▶ _What is being asked_
Each record should be output exactly, with every character kept.

++++ Data extracts ++++

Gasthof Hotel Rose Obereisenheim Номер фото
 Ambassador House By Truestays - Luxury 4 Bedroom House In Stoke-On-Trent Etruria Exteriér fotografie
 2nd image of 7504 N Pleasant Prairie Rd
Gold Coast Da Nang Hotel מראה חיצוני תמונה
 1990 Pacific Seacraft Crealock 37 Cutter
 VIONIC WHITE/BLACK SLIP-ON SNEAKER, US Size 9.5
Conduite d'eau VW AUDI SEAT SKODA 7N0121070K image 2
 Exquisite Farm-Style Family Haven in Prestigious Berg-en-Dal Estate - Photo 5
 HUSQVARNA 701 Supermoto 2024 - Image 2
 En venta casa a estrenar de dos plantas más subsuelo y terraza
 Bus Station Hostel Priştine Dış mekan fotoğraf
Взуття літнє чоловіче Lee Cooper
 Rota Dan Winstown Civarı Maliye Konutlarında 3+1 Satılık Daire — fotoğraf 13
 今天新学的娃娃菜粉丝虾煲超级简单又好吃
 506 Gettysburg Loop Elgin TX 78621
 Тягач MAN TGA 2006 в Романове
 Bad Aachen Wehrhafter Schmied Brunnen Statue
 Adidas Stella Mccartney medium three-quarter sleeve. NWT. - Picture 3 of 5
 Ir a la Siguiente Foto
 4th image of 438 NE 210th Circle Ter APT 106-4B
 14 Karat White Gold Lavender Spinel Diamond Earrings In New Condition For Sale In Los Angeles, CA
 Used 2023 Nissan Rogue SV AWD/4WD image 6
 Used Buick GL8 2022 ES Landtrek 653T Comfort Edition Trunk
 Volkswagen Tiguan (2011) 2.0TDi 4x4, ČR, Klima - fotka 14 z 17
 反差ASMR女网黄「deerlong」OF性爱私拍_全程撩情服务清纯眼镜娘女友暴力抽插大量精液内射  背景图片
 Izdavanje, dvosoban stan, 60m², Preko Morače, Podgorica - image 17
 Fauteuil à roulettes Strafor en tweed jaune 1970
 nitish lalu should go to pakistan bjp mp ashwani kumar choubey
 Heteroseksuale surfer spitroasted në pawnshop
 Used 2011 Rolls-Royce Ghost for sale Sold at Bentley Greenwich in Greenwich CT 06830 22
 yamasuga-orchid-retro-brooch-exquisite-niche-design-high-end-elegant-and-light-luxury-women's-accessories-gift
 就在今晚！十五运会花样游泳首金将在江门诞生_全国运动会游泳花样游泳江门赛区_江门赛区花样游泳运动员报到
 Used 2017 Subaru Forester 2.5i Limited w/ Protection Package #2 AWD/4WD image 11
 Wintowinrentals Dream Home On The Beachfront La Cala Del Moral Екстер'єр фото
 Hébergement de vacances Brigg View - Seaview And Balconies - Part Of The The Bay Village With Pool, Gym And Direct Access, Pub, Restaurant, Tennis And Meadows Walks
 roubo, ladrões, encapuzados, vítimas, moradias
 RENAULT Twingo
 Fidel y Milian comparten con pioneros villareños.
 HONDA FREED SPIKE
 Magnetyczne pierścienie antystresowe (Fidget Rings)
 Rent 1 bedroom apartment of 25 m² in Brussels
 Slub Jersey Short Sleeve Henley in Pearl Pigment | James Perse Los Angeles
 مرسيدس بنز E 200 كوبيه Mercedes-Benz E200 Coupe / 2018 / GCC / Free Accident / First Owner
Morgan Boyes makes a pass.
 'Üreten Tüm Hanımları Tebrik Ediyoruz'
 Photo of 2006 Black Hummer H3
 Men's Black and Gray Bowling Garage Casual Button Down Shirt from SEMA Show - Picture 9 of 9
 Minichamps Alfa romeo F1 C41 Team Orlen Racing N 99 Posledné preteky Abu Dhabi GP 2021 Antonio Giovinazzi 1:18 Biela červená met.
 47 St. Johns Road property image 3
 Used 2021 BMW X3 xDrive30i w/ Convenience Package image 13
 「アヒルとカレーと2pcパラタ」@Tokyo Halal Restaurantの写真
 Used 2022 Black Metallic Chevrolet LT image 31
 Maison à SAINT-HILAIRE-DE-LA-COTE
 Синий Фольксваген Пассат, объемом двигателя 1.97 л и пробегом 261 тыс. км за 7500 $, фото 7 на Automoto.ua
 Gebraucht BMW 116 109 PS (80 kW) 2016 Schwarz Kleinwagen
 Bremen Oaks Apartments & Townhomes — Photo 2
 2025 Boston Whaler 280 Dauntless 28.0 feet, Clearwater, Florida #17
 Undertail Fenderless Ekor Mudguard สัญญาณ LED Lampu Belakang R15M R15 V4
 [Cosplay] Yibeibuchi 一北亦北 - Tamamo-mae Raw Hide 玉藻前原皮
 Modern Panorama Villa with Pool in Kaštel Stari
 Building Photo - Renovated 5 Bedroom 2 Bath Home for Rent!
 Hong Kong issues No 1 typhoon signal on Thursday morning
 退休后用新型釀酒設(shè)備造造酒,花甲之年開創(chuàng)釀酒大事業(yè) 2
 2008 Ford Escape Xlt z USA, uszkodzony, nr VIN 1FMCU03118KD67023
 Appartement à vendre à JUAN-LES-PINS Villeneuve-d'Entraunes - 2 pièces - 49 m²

++++

▶ _Answer to the exercise_
Gasthof Hotel Rose Obereisenheim Номер фото
 Ambassador House By Truestays - Luxury 4 Bedroom House In Stoke-On-Trent Etruria Exteriér fotografie
 2nd image of 7504 N Pleasant Prairie Rd
Gold Coast Da Nang Hotel מראה חיצוני תמונה
 1990 Pacific Seacraft Crealock 37 Cutter
 VIONIC WHITE/BLACK SLIP-ON SNEAKER, US Size 9.5
Conduite d'eau VW AUDI SEAT SKODA 7N0121070K image 2
 Exquisite Farm-Style Family Haven in Prestigious Berg-en-Dal Estate - Photo 5
 HUSQVARNA 701 Supermoto 2024 - Image 2
 En venta casa a estrenar de dos plantas más subsuelo y terraza
 Bus Station Hostel Priştine Dış mekan fotoğraf
Взуття літнє чоловіче Lee Cooper
 Rota Dan Winstown Civarı Maliye Konutlarında 3+1 Satılık Daire — fotoğraf 13
 今天新学的娃娃菜粉丝虾煲超级简单又好吃
 506 Gettysburg Loop Elgin TX 78621
 Тягач MAN TGA 2006 в Романове
 Bad Aachen Wehrhafter Schmied Brunnen Statue
 Adidas Stella Mccartney medium three-quarter sleeve. NWT. - Picture 3 of 5
 Ir a la Siguiente Foto
 4th image of 438 NE 210th Circle Ter APT 106-4B
 14 Karat White Gold Lavender Spinel Diamond Earrings In New Condition For Sale In Los Angeles, CA
 Used 2023 Nissan Rogue SV AWD/4WD image 6
 Used Buick GL8 2022 ES Landtrek 653T Comfort Edition Trunk
 Volkswagen Tiguan (2011) 2.0TDi 4x4, ČR, Klima - fotka 14 z 17
 反差ASMR女网黄「deerlong」OF性爱私拍_全程撩情服务清纯眼镜娘女友暴力抽插大量精液内射  背景图片
 Izdavanje, dvosoban stan, 60m², Preko Morače, Podgorica - image 17
 Fauteuil à roulettes Strafor en tweed jaune 1970
 nitish lalu should go to pakistan bjp mp ashwani kumar choubey
 Heteroseksuale surfer spitroasted në pawnshop
 Used 2011 Rolls-Royce Ghost for sale Sold at Bentley Greenwich in Greenwich CT 06830 22
 yamasuga-orchid-retro-brooch-exquisite-niche-design-high-end-elegant-and-light-luxury-women's-accessories-gift
 就在今晚！十五运会花样游泳首金将在江门诞生_全国运动会游泳花样游泳江门赛区_江门赛区花样游泳运动员报到
 Used 2017 Subaru Forester 2.5i Limited w/ Protection Package #2 AWD/4WD image 11
 Wintowinrentals Dream Home On The Beachfront La Cala Del Moral Екстер'єр фото
 Hébergement de vacances Brigg View - Seaview And Balconies - Part Of The The Bay Village With Pool, Gym And Direct Access, Pub, Restaurant, Tennis And Meadows Walks
 roubo, ladrões, encapuzados, vítimas, moradias
 RENAULT Twingo
 Fidel y Milian comparten con pioneros villareños.
 HONDA FREED SPIKE
 Magnetyczne pierścienie antystresowe (Fidget Rings)
 Rent 1 bedroom apartment of 25 m² in Brussels
 Slub Jersey Short Sleeve Henley in Pearl Pigment | James Perse Los Angeles
 مرسيدس بنز E 200 كوبيه Mercedes-Benz E200 Coupe / 2018 / GCC / Free Accident / First Owner
Morgan Boyes makes a pass.
 'Üreten Tüm Hanımları Tebrik Ediyoruz'
 Photo of 2006 Black Hummer H3
 Men's Black and Gray Bowling Garage Casual Button Down Shirt from SEMA Show - Picture 9 of 9
 Minichamps Alfa romeo F1 C41 Team Orlen Racing N 99 Posledné preteky Abu Dhabi GP 2021 Antonio Giovinazzi 1:18 Biela červená met.
 47 St. Johns Road property image 3
 Used 2021 BMW X3 xDrive30i w/ Convenience Package image 13
 「アヒルとカレーと2pcパラタ」@Tokyo Halal Restaurantの写真
 Used 2022 Black Metallic Chevrolet LT image 31
 Maison à SAINT-HILAIRE-DE-LA-COTE
 Синий Фольксваген Пассат, объемом двигателя 1.97 л и пробегом 261 тыс. км за 7500 $, фото 7 на Automoto.ua
 Gebraucht BMW 116 109 PS (80 kW) 2016 Schwarz Kleinwagen
 Bremen Oaks Apartments & Townhomes — Photo 2
 2025 Boston Whaler 280 Dauntless 28.0 feet, Clearwater, Florida #17
 Undertail Fenderless Ekor Mudguard สัญญาณ LED Lampu Belakang R15M R15 V4
 [Cosplay] Yibeibuchi 一北亦北 - Tamamo-mae Raw Hide 玉藻前原皮
 Modern Panorama Villa with Pool in Kaštel Stari
 Building Photo - Renovated 5 Bedroom 2 Bath Home for Rent!
 Hong Kong issues No 1 typhoon signal on Thursday morning
 退休后用新型釀酒設(shè)備造造酒,花甲之年開創(chuàng)釀酒大事業(yè) 2
 2008 Ford Escape Xlt z USA, uszkodzony, nr VIN 1FMCU03118KD67023
 Appartement à vendre à JUAN-LES-PINS Villeneuve-d'Entraunes - 2 pièces - 49 m²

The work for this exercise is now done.